> _TASK DETAILS_: An exact transcription of all the records, free of pictures, is the expected answer.

> _EXERCISE MATERIAL_:
BEGIN
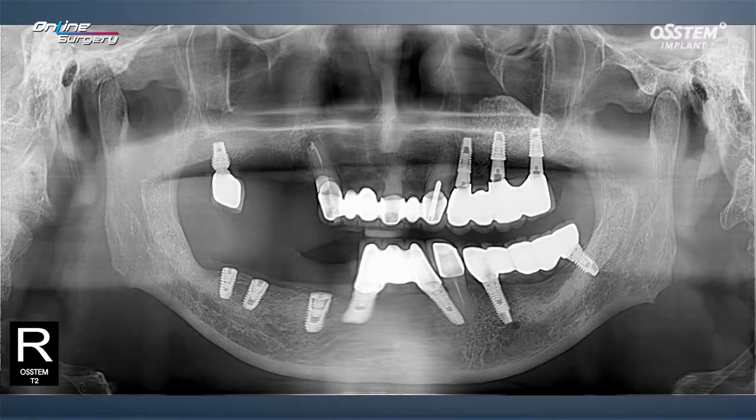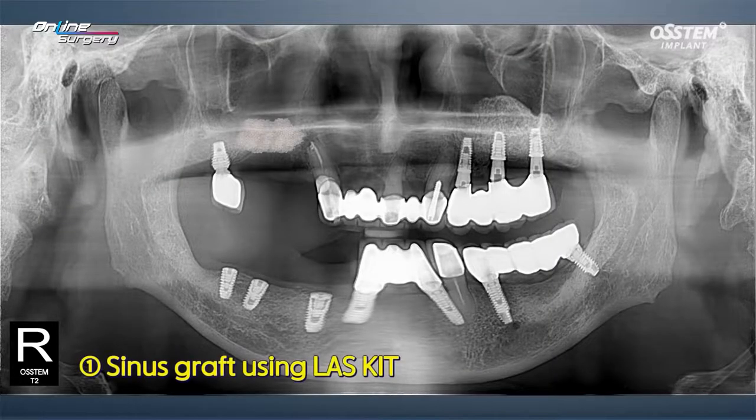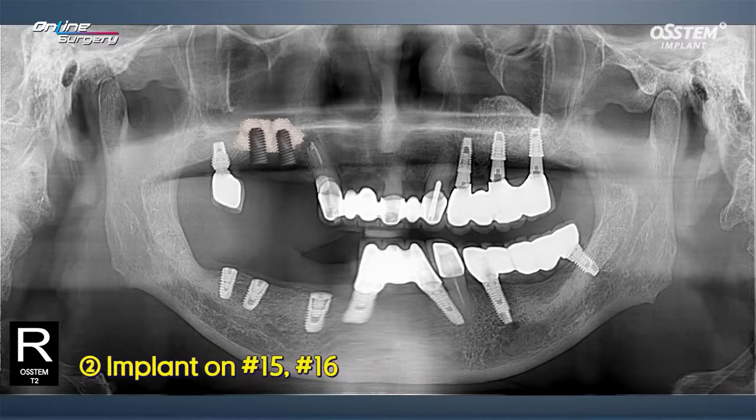Bone graft was done. LASKIT was used, sinus approach was done, and two implants were placed. This was the plan.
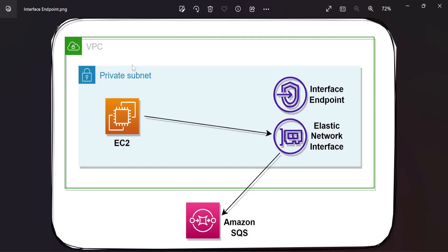This is one VPC, and within this VPC one private subnet is there. Within this private subnet, one EC2 instance is trying to connect to Amazon SQS using an interface endpoint. This interface endpoint is there within the private subnet, and with this interface endpoint, one ENI is attached. This ENI will be assigned one private IP address, and the IP address range will be within the range of this private subnet. With the help of this ENI, the EC2 instance will connect to Amazon SQS over the private network — it will not use the public network.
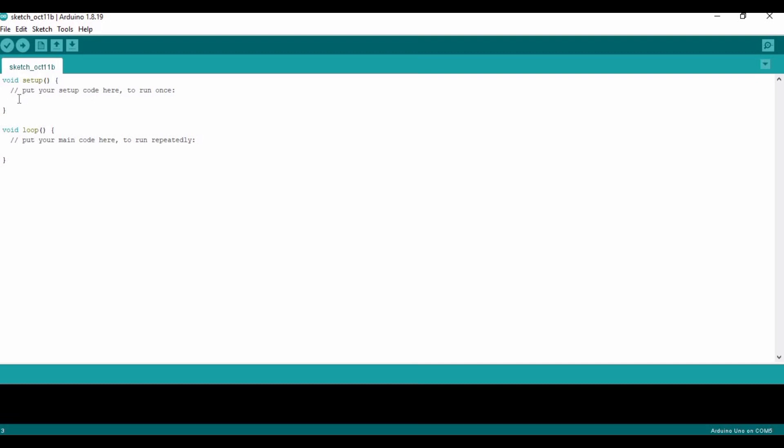In void setup, we are going to declare the pins. So I will type pinMode. Make sure that you write M as capital because Arduino coding is case sensitive.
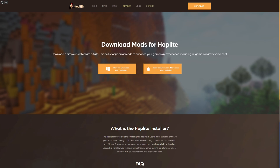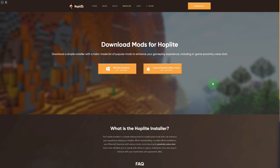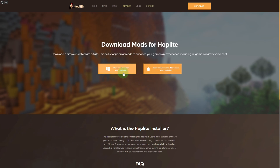Jumping onto the platform of Hoplite, you can see we have its official mods in here. You only need to head over to this platform called hoplite.gg and then head over to the installer section. Once you are there you can see we have the official download links, and if you are using the Windows version make sure to click on this option.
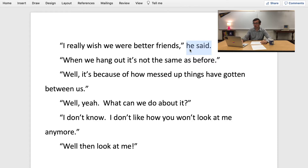So this now reads as: 'I really wish we were better friends,' he said. 'When we hang out, it's not the same as before.' 'Well, it's because of how messed up things have gotten between us.' 'Well, yeah.' 'What can we do about it?' 'I don't know.' 'I don't like how you won't look at me anymore.' 'Well, then look at me.' So those are the basics of writing dialogue. Once you've got some basic dialogue written down, there are things you can do to make it better — to make it really good dialogue. Let's go ahead and look at those things now.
END
> _ANSWER AREA_:
Bone graft was done. LASKIT was used, sinus approach was done, and two implants were placed. This was the plan.
This is one VPC, and within this VPC one private subnet is there. Within this private subnet, one EC2 instance is trying to connect to Amazon SQS using an interface endpoint. This interface endpoint is there within the private subnet, and with this interface endpoint, one ENI is attached. This ENI will be assigned one private IP address, and the IP address range will be within the range of this private subnet. With the help of this ENI, the EC2 instance will connect to Amazon SQS over the private network — it will not use the public network.
In void setup, we are going to declare the pins. So I will type pinMode. Make sure that you write M as capital because Arduino coding is case sensitive.
Jumping onto the platform of Hoplite, you can see we have its official mods in here. You only need to head over to this platform called hoplite.gg and then head over to the installer section. Once you are there you can see we have the official download links, and if you are using the Windows version make sure to click on this option.
So this now reads as: 'I really wish we were better friends,' he said. 'When we hang out, it's not the same as before.' 'Well, it's because of how messed up things have gotten between us.' 'Well, yeah.' 'What can we do about it?' 'I don't know.' 'I don't like how you won't look at me anymore.' 'Well, then look at me.' So those are the basics of writing dialogue. Once you've got some basic dialogue written down, there are things you can do to make it better — to make it really good dialogue. Let's go ahead and look at those things now.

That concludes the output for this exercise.